23

XANDER

Monday came and went like a haze. The office was quiet in the way that made people more tense, not less. Amelia’s absence was starting to stretch into something that couldn’t be ignored anymore. Her desk hadn’t been touched. Her inbox had gone cold. She didn’t respond to the resignation acknowledgment I sent last week, and I hadn’t heard a word from her since.

It didn’t feel right.

I sat at my desk with a half-written report open on one monitor and her old Slack thread open on the other. Still no green dot next to her name. Still no reply to the last message I’d sent asking her to just let me know if she was okay.

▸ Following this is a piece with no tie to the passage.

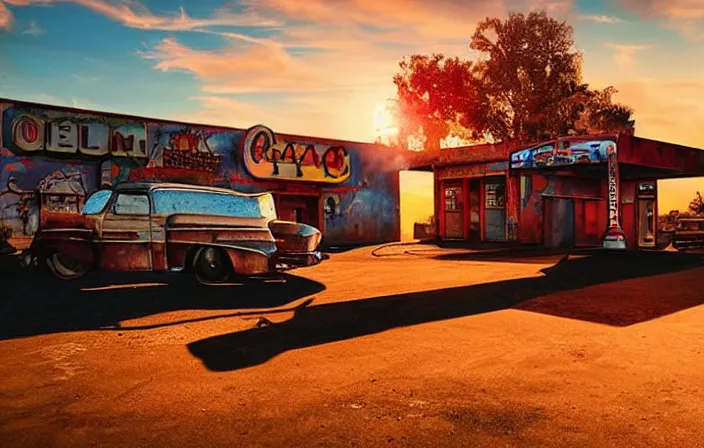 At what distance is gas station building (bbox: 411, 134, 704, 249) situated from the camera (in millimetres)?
21234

I stared at the screen a few more seconds, then grabbed my phone and scrolled until I found Laurence’s contact. I didn’t want to make the call—I wasn’t even sure what I was hoping to get out of it—but if anyone would know where she’d gone, it was her father.

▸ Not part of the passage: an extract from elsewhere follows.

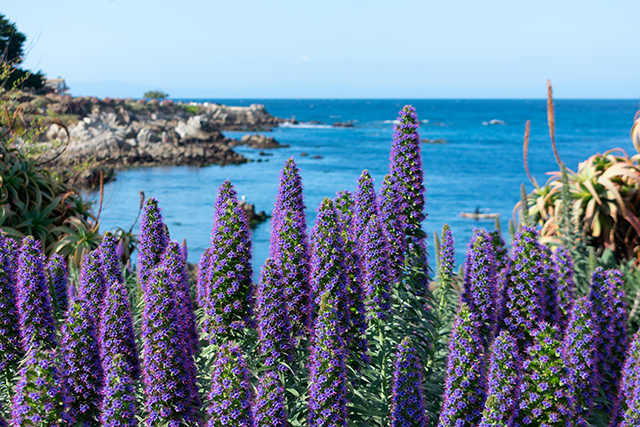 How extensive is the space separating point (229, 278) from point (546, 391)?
2.01m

The line rang twice before he picked up. His voice sounded thinner than usual. “Xander. Yeah. Hey.” There was some kind of background noise—like he was outside or pacing near traffic.His words came fast, uneven. I wasn’t sure if he was distracted or just not completely sober.

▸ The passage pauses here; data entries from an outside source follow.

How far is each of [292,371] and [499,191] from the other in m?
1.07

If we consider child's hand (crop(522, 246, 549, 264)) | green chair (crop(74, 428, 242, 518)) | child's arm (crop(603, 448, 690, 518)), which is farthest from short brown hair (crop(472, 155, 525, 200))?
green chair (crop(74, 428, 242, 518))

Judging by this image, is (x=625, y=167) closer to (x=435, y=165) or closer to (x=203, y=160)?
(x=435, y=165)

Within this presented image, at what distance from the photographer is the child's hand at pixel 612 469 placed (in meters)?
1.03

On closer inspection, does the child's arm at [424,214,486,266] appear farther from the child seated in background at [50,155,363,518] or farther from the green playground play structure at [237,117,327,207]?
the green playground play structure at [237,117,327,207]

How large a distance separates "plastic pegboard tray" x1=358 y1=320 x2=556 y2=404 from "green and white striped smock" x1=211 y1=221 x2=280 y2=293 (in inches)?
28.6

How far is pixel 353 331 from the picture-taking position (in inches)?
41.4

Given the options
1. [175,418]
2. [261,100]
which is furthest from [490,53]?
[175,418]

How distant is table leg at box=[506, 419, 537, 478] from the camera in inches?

“Hey, Laurence. I’m calling about Amelia,” I said. “She hasn’t shown up. She quit suddenly last week. No word since. Have you heard from her?”

There was a pause, then a sharp exhale. “She quit?” He sounded hollow, like he wasn’t all there, but his voice ticked up a notch at the mention of Amelia’s name.

“You didn’t know?”

“No. I haven’t talked to her. I figured she was just busy or something.” His voice pitched higher again, unconvincing. Then suddenly, it was filled with fear and a tremor of panic. “Xander, listen—I need a favor. I need a loan. It’s urgent. Can you get me half a million? Just temporary. Please. I swear I’ll pay you back. I wouldn’t ask if it wasn’t an emergency and?—”

I blinked. “Laurence, I—what?”

“I wouldn’t ask if it wasn’t serious,” he said quickly. “It’s a mess, but I’ve got someone breathing down my neck. It’s not personal—it’s business.”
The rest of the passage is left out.